Activity: Your copy should begin with the line containing "Pied de support pour scooter électrique", end with the line containing "New 2025 Ram", match the listing below exactly, and contain no pictures.

Data for review:
────────

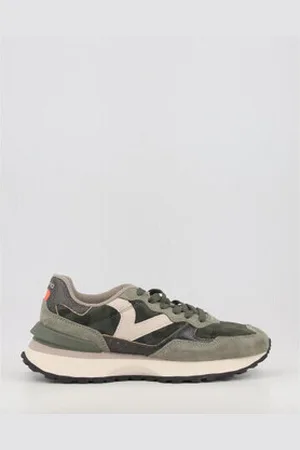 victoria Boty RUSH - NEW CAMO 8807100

────────

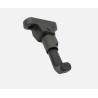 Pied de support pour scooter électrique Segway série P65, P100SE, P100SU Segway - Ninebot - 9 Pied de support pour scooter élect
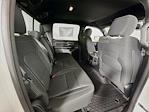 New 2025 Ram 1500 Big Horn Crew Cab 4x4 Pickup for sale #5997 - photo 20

────────

Solution to this task:
 Pied de support pour scooter électrique Segway série P65, P100SE, P100SU Segway - Ninebot - 9 Pied de support pour scooter élect
 New 2025 Ram 1500 Big Horn Crew Cab 4x4 Pickup for sale #5997 - photo 20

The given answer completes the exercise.